Say that local search termination is configured like this: 

<termination>
  <stepCountLimit>1</stepCountLimit>
</termination>

obviously, there is no move what planner could do, but that is a problem. If planner is in state, when there is no way out, it will stuck forever and nothing can terminate it except time termination.

Comment 2 Geoffrey De Smet 2015-03-19 14:48:26 UTC
There's no intrinsic requirement that a step should finish within x amount of time. But it would indeed be helpful that LocalSearch recognizes that there are no doable moves. I think it does if you configure a cacheType PHASE or STEP, instead of the default of JIT.

It's not just doable moves, but also filtered moves that can cause this issue (although filtering has a bail-out). That case too only applies to JIT selection as far as I know.

Jiri, could you verify that cacheType PHASE or STEP move selection don't suffer from this issue? That would worry me and I 'd fix that asap.
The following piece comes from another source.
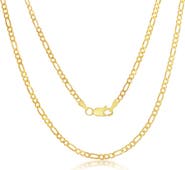 SIMONA Goldtone Plated 2.8mm Figaro Chain Necklace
As for JIT (the default cacheType), I currently don't see a reasonable way of fixing it (without killing the scalability gain of JIT selection).

Comment 3 jvahala 2015-03-20 10:38:44 UTC
Geoffrey, 

I think the easies way how to provide reproducer is just make little alternations on any TSP example you have. 

1. take any TSP Solution instance and get rid of all locations, except two. So there will be only one Domicile and one Visit.

2. use this localSearch

<localSearch>
   <termination>
      <stepCountLimit>1</stepCountLimit>
    </termination>
   <changeMoveSelector>
     <cacheType>PHASE</cacheType>
   </changeMoveSelector>
</localSearch>

3. run solver. 

I hope this is enough to reproduce the problem.

Comment 4 Geoffrey De Smet 2015-03-25 08:31:39 UTC
Jiri, have you tried if it reproduces with cacheType PHASE or STEP? That would be a high priority bug.
The fact that it reproduces with JIT selection, is a less important known issue (because it's intrinsic to JIT selection and any fix might be worse than the problem).

Comment 5 jvahala 2015-03-31 11:54:34 UTC
Created attachment 1008979 [details]
reproducer

just run mvn clean install 

there is 10 seconds timeout. One step on so little problem should take less than 10 seconds.